[GTC] Dissecting the Ampere Architecture: Notes
My notes on GTC 2021 talk: Dissecting the Ampere GPU Architecture through Microbenchmarking. The research uses microbenchmarking to reveal internal details about Ampere's L2 cache design, atomic operations, fine-grained sparsity and memory improvements over the V100.
Grouping Work by L2 Partition
Ampere features a split L2 design. Relative to each Streaming Multiprocessor (SM), the L2 cache is divided into a "near" partition and a "far" partition. Each partition holds 20 MB of space, totaling 40 MB across the GPU.
The hardware resolves cache line requests using the following hierarchy:
- Check the L1 cache. If there is a miss, proceed to the L2 cache.
- Check the near L2 partition. If there is a miss, query the far L2 partition.
- Check the far L2 partition. If the data is found here, the cache line is moved/copied to the near partition. If it is a miss, the request goes to global memory.
- Query global memory. Each memory address corresponds to one specific L2 partition. Note that when data is fetched from global memory, it goes to its assigned partition. The cache line does not automatically migrate to the near partition of the SM that requested it. This behavior will be demonstrated in later experiments.
Failing to group work effectively introduces two major hazards:
-
Latency: There is a 1.75x slowdown when an SM has to access data from the far partition.
-
Cache Thrashing/Duplication: If data is constantly moved from the far partition to the near partition, the same cache line ends up duplicated, consuming valuable space in multiple partitions.
Developers usually want SMs to populate the cache cooperatively instead of thrashing the cache. Cache capacity can be doubled when access are managed well.
Case study: pairs of partition-aware blocks
The presentation author conducted an experiment by iterating through large chunks of global memory data and performing simple computations. They assigned a pair of thread blocks to operate on a chunk of data, ensuring the dataset size exceeded the L1 cache capacity to force L2 cache accesses. Two pairing combinations were tested:
- One block on the near partition and one block on the far partition.
- Both blocks on the near partition.
The results demonstrated that co-locating both blocks on the near partition yielded an 85% increase in throughput due to more efficient utilization of the L2 cache. The figure below shows that when the requested data size exceeds 20 MB (the capacity of a single L2 partition), relying on the far partition causes a significant drop in throughput.

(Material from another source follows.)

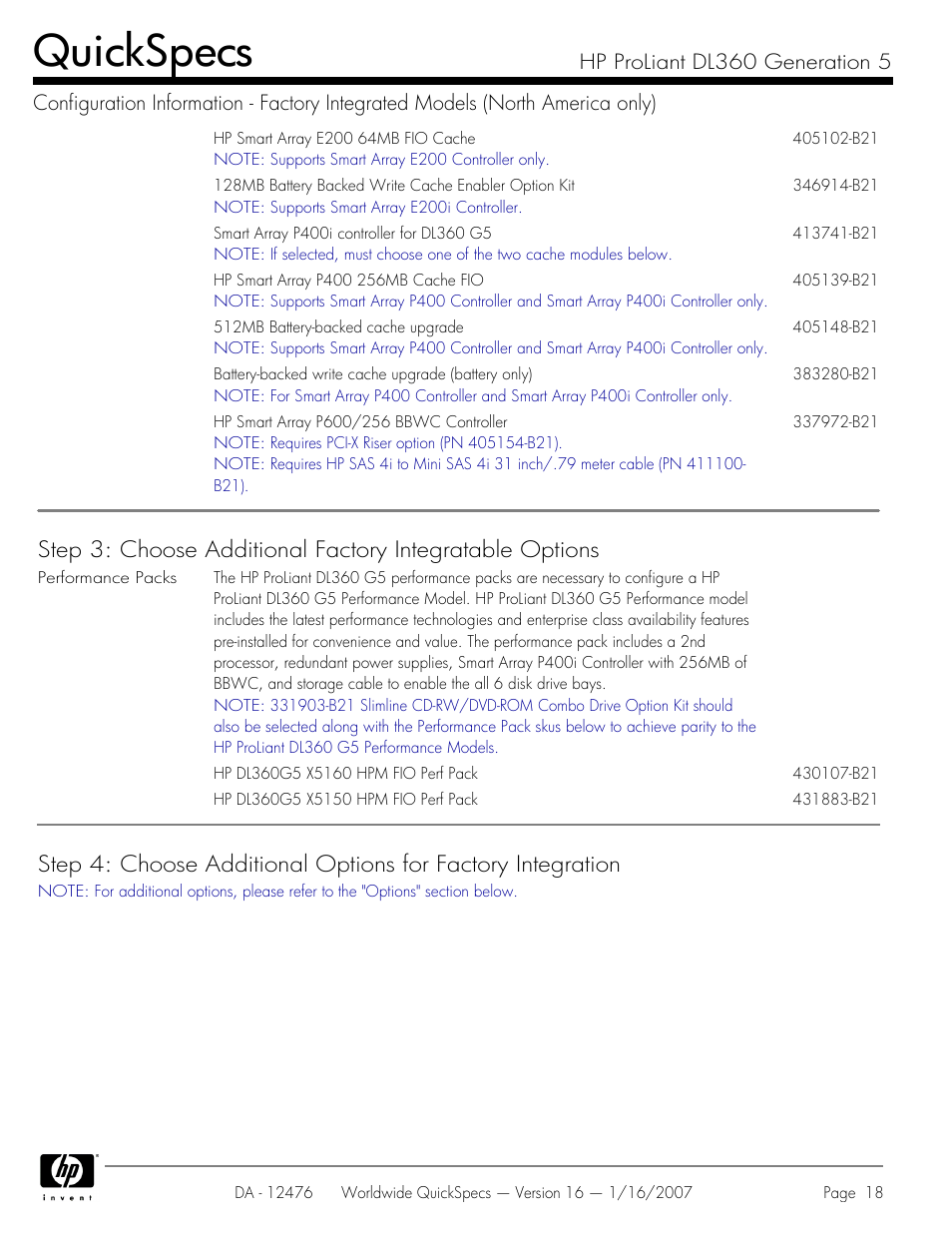 Quickspecs | HP ProLiant DL360 User Manual | Page 18 / 49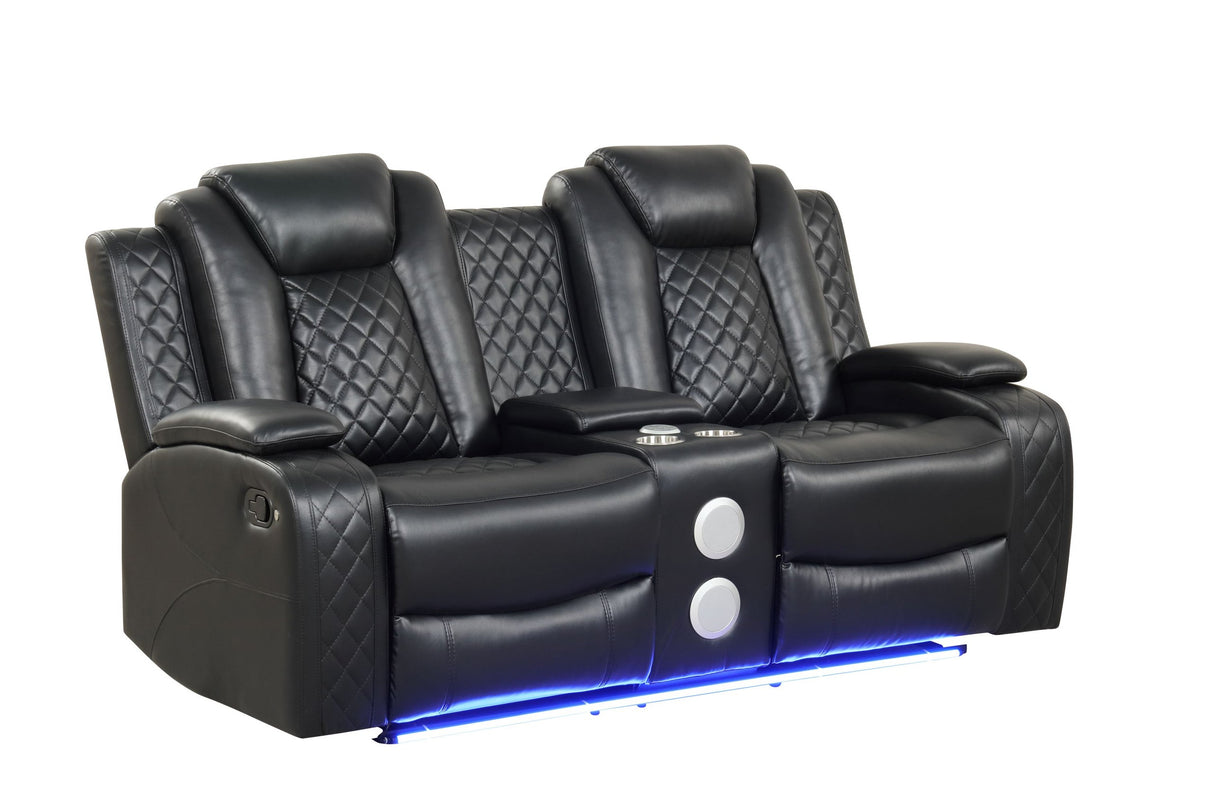 Luz Black 3-Piece Reclining Set from Happy Homes - Luna Furniture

Hit latency (Access Cycles)
This experiment demonstrates the Non-Uniform Cache Access (NUCA) architecture of NVIDIA Ampere GPUs. The test involved a single thread within a block scanning a large global array twice, deliberately bypassing the L1 cache.
-
The first scan loaded the data from global memory into the L2 cache partition that corresponds to the physical address.
-
The second scan measured the actual L2 cache hit latency.
The results revealed a clear bimodal distribution, with access times grouping around either 200 cycles or 350 cycles.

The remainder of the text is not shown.